I was looking at the Wikipedia article for Sokoto when I noticed the “Name and etymology” section, which begins: “The name Sokoto (which is the modern/anglicised version of the local name, Sakkwato) is of Arabic origin, representing sooq, ‘market’ in English.” Is this true? If so, how is it derived? Sounds like folk etymology to me, but others will know more.
Looks quite impossible to me. (Sakkwato is correct for the Hausa name, though.)
But then, kasuwa “market” really is derived from Arabic su:q (via Kanuri), so who knows?
Folk etymology isn’t much of a thing with toponyms in Western-Oti-Volta-speaking country*, as most toponyms are actually fairly transparent. (Ethnonyms are another matter, doubtless because hardly any of those are transparent. I have been confidently informed that “Kusaasi” comes from the Hausa kusa “near”, for example; which probably seems less far-fetched if you’re close to some Kusaasi people at the time …)

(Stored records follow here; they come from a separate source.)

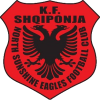 https://img.zhizhuzhibov.com.cn/img/football/team/5647344984ceb100107b3d952828b066.png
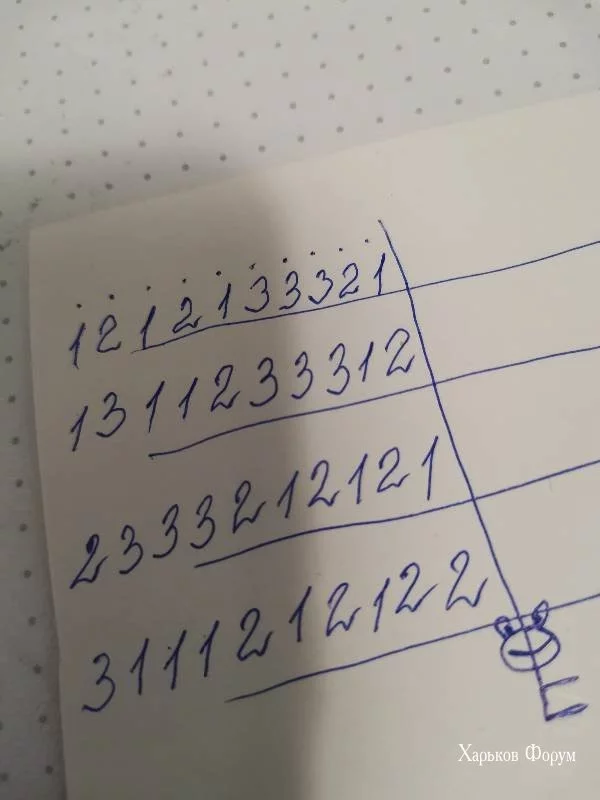 be20c07b9f1bf6a7.webp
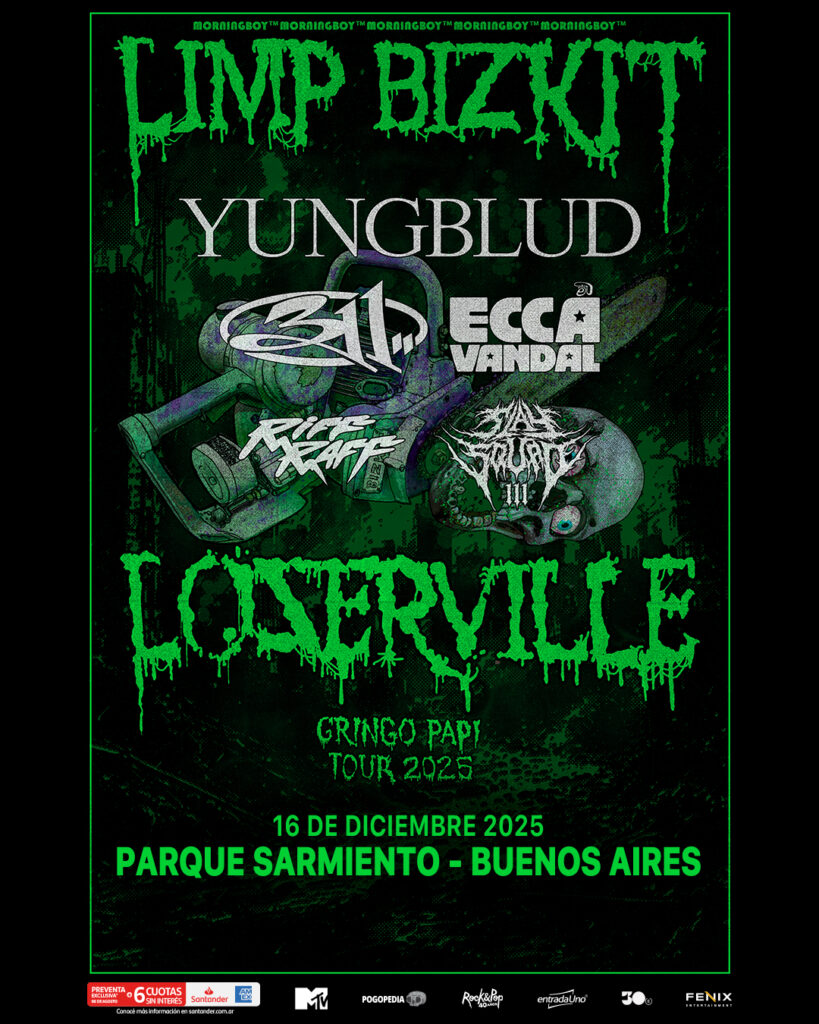 ANUNCIO PREVENTA 1080X1350
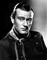 John Wayne Poster Print by Hollywood Photo Archive Hollywood Photo Archive - Item # VARPDX490131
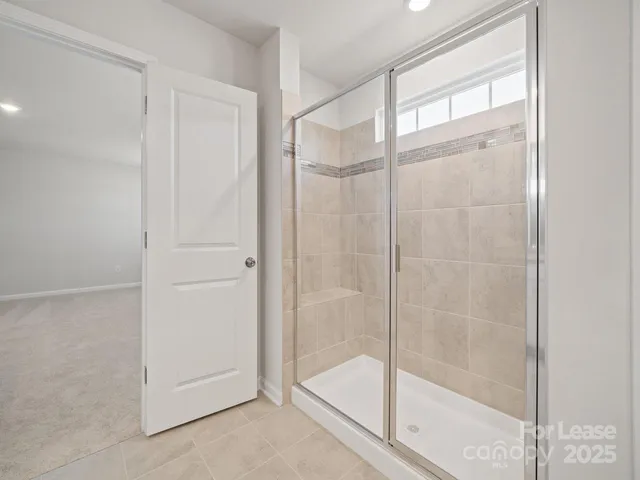 $3,150 | 15108 Moulin Ct Drive, Charlotte, NC 28273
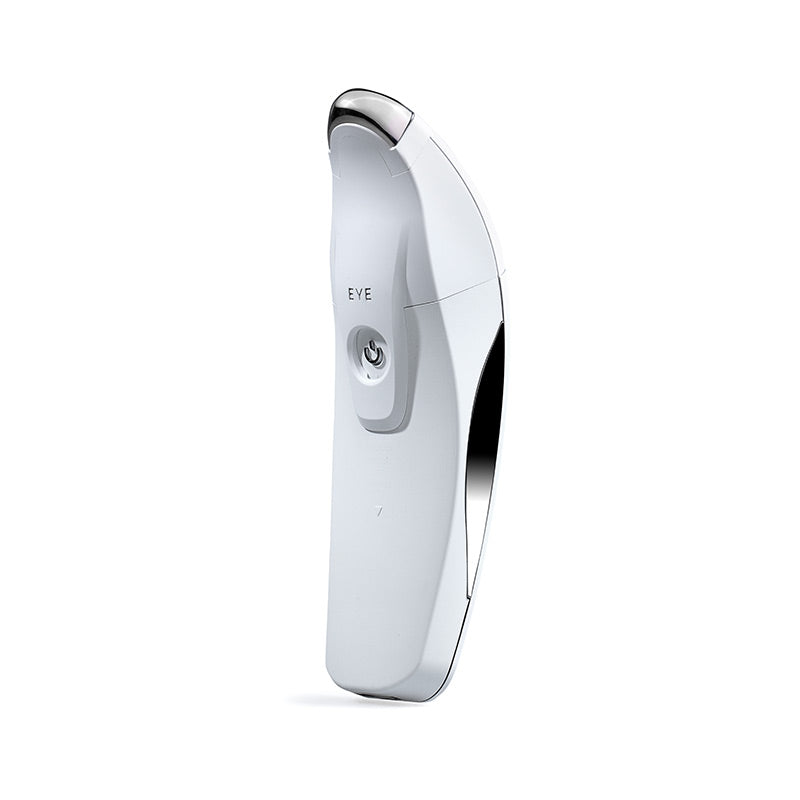 Dermasonic Ultimate Eye by Artistry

But I think the names of the various Hausa states are another matter. None of them seem to mean anything other than themselves.
* Having said that, “Ouagadougou” gets some spectacular ones sometimes. I like the current WP suggestion that it may be from Soninke: it doesn’t seem analysable in Mooré, anyhow.
Looks quite impossible to me.
I’m glad I’m not the only one.
“Market” tout court actually doesn’t strike me as all that likely as a place name. “New Market”, sure, (like the famous Sanjak), “So-and-so’s Market”, or whatever, but not just “Market.”